“Kudut neka hemong kuni agu kalo”
Demokrasi bukan tujuan tetapi jalan menuju tatanan kehidupan bersama yang lebih baik. Banyak orang, organisasi, dan negara yang mengamini jalan demokrasi ini untuk tatanan kehidupan yang lebih baik. “One might have a number reasons for accepting democracy: it might be seen as the most fair system, the most just system, and so on” (Michael Goodhart, 2005). Demokrasi pun menjadi sistem sosial yang lahir dari rahim dialektika sejarah manusia yang melebur dalam kelompok sosial dan berperan dalam regulasi rotasi kekuasaan di dalamnya. Demokrasi juga bukan sekadar standar untuk mengatur sirkulasi kekuasaan tetapi juga sebagai seni dalam kehidupan bergaul demi tercapai bonum commune (kehidupan bersama yang lebih baik).
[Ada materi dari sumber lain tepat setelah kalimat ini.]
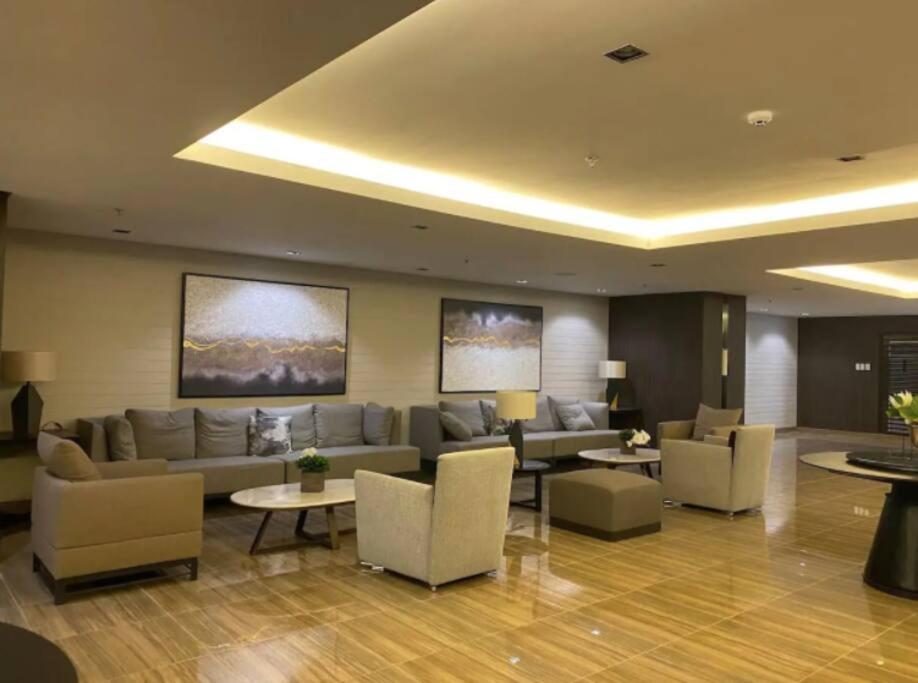 Great View 1 Bedroom Condo In Makati Near Trident Tower 马尼拉 外观 照片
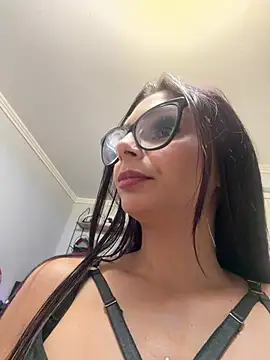 HiddendesireXO01 online show from 1, 7, 2026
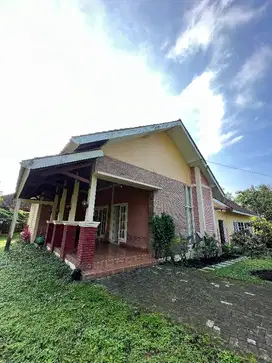 Villa jalan boyong dekat museum merapi sleman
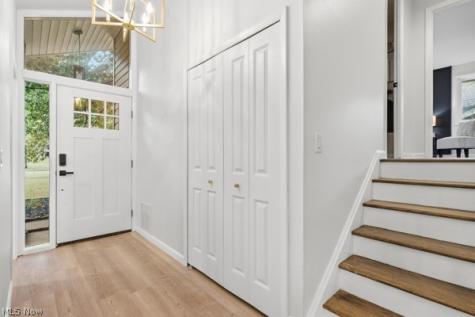 321 Royal Oak Boulevard Richmond Heights OH 44143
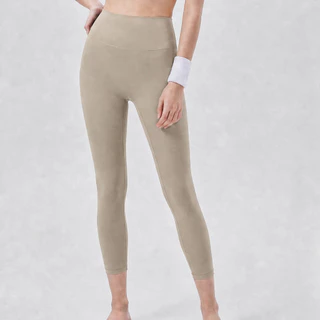 AirActive SeamFree Flow 7/8 Leggings กางเกงเลกกิ้ง 7 ส่วนสำหรับผู้หญิง ดีไซน์ไร้รอยต่อ เนื้อผ้าแนบเนื้อ กระชับพอดีตัว พร้อมกระเป๋าหลังแบบซ่อน สำหรับโยคะและวิ่ง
Sebagai sebuah organisasi, Ikamaya (Ikatan Keluarga Besar Manggarai Raya) memilih jalan demokrasi dalam bujur-lintang "pergaulan hidup"-nya. Demokrasi adalah paket yang "tak berbungkus" dalam nilai-nilai budaya manggarai kepada ahli warisnya. Nilai tersebut ditetaskan dalam ungkapan “muku ca pu'u neka curup, teu ta ambo neka woleng lako; bantang cama reje leleng”. Sebagai sebuah seni, demokrasi telah memoles pola-pola kebersamaan dan pengambilan kebijakan bersama. Kebersamaan yang terbersit iklim persaudaraan dan kekeluargaan membuat Ikamaya terus menggema dalam hati dan pikiran seluruh warga Manggarai Yogyakarta.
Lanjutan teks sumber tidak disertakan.